— Exercise prompt —
Retype all entries exactly, skipping pictures.

+---+

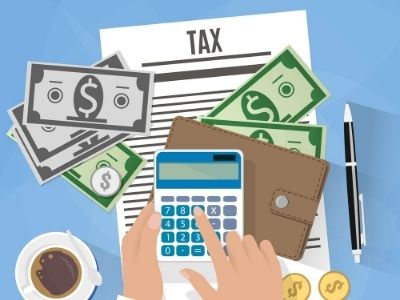 Singapore Budget 2020 Tax Changes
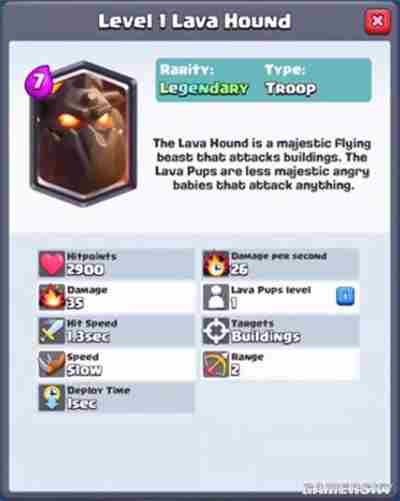 皇室战争六大新卡实用性分析 新卡值不值得买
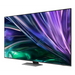 Телевизор Samsung 75’’ 75QN85D AI 4K NEO QLED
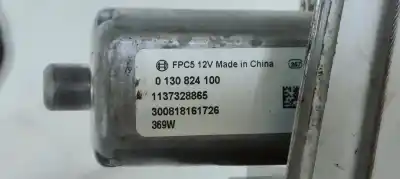 Автозапчасти б/у регулятор стекла переднего правого за citroen c3 elle ссылки oem iam 9813093380  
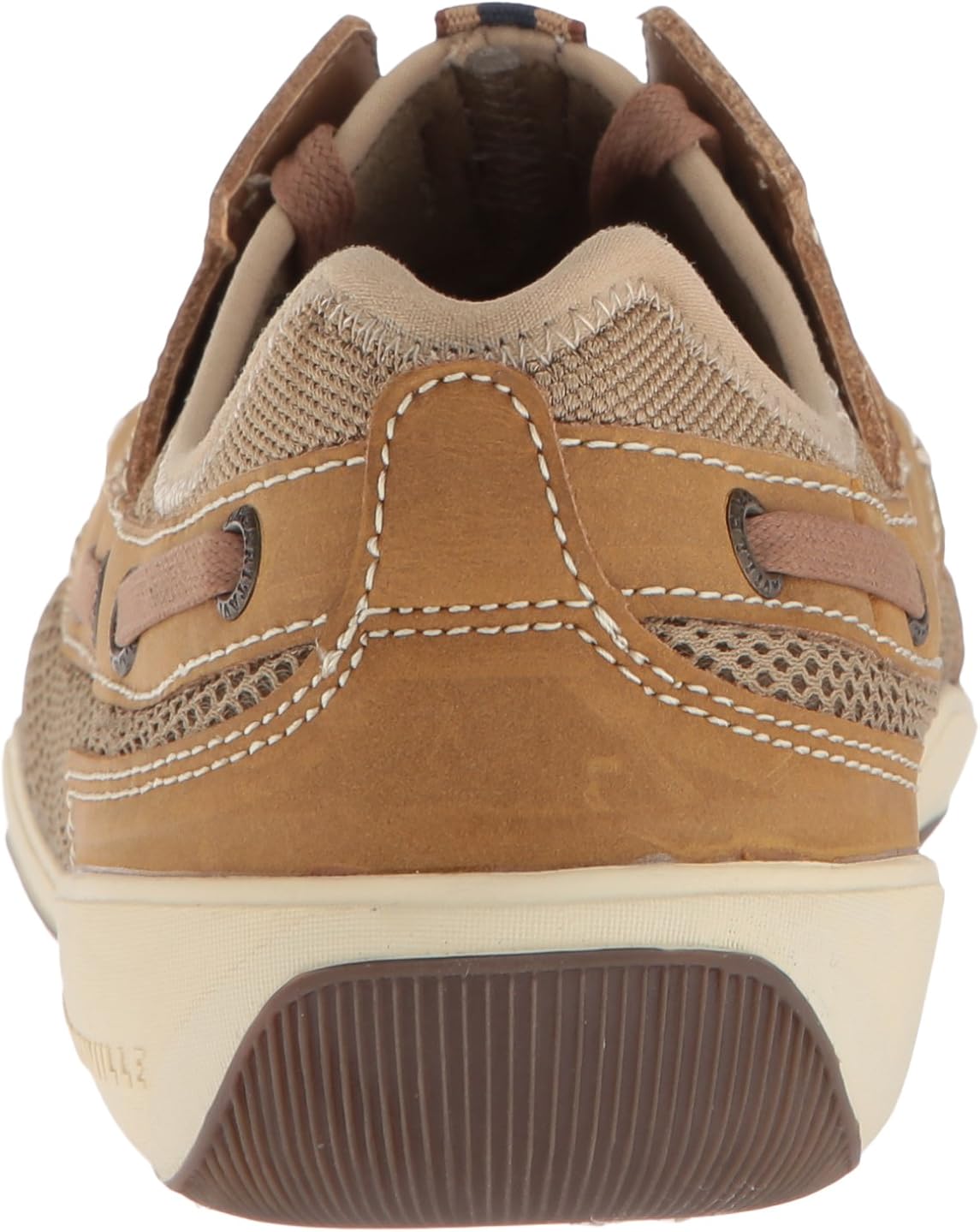 margaritaville maritime traveler shoe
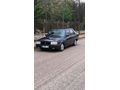 Sahibinden Tofaş Doğan SLX 1995 Model 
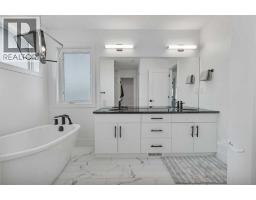 282 Caribou Way N - photo 29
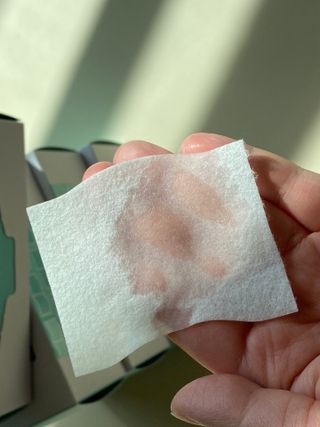 초초촉님이 올린 리뷰 사진 4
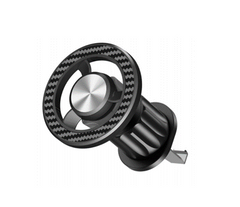 Miccell VQ-CH14 Black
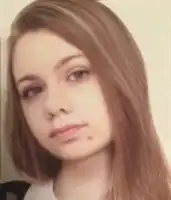 Рогова Юлия Романовна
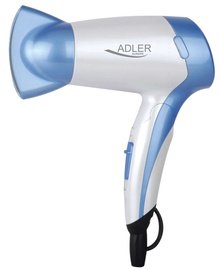 Föön Adler AD 2222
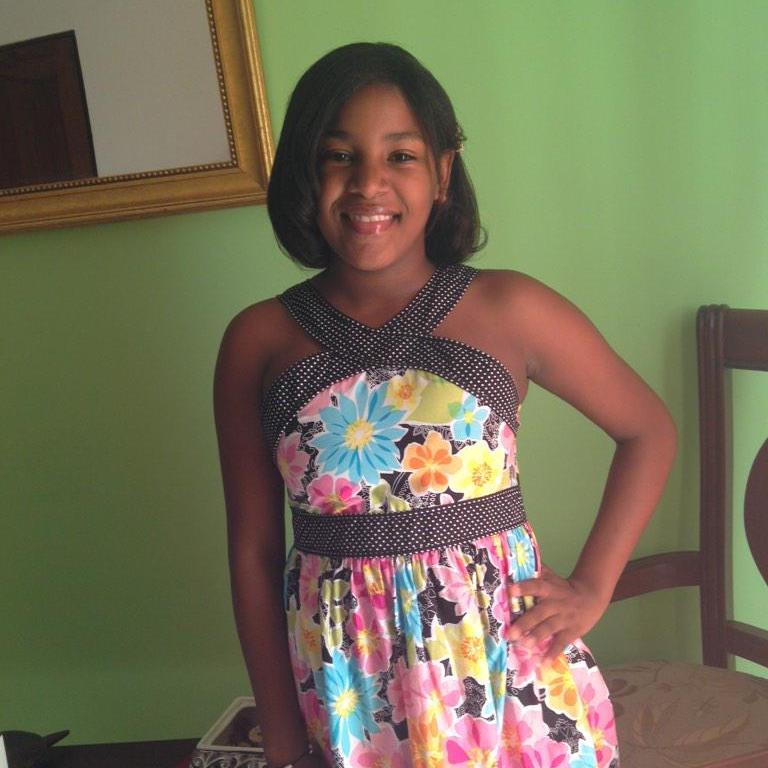 joijrfd's profile picture. inteligente,responsable,bella y sobre todo con buen corazon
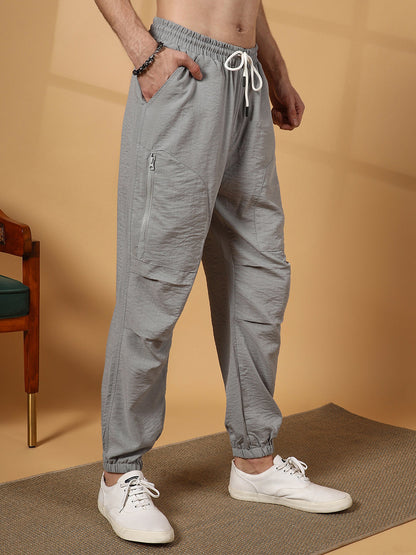 Lightweight - Parachute Utility Trousers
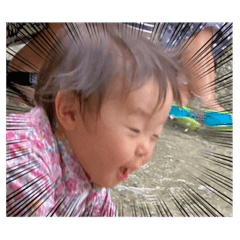 Kaito_20220819141728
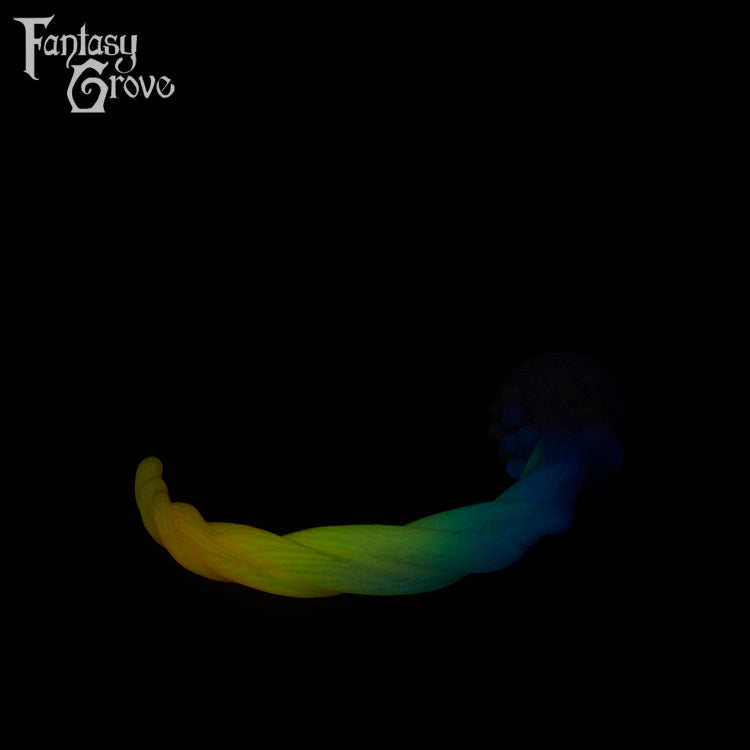 Medium Dryad's Wand 00-30 Soft Firmness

+---+

— Answer to this problem —
 Singapore Budget 2020 Tax Changes
 皇室战争六大新卡实用性分析 新卡值不值得买
 Телевизор Samsung 75’’ 75QN85D AI 4K NEO QLED
 Автозапчасти б/у регулятор стекла переднего правого за citroen c3 elle ссылки oem iam 9813093380  
 margaritaville maritime traveler shoe
 Sahibinden Tofaş Doğan SLX 1995 Model 
 282 Caribou Way N - photo 29
 초초촉님이 올린 리뷰 사진 4
 Miccell VQ-CH14 Black
 Рогова Юлия Романовна
 Föön Adler AD 2222
 joijrfd's profile picture. inteligente,responsable,bella y sobre todo con buen corazon
 Lightweight - Parachute Utility Trousers
 Kaito_20220819141728
 Medium Dryad's Wand 00-30 Soft Firmness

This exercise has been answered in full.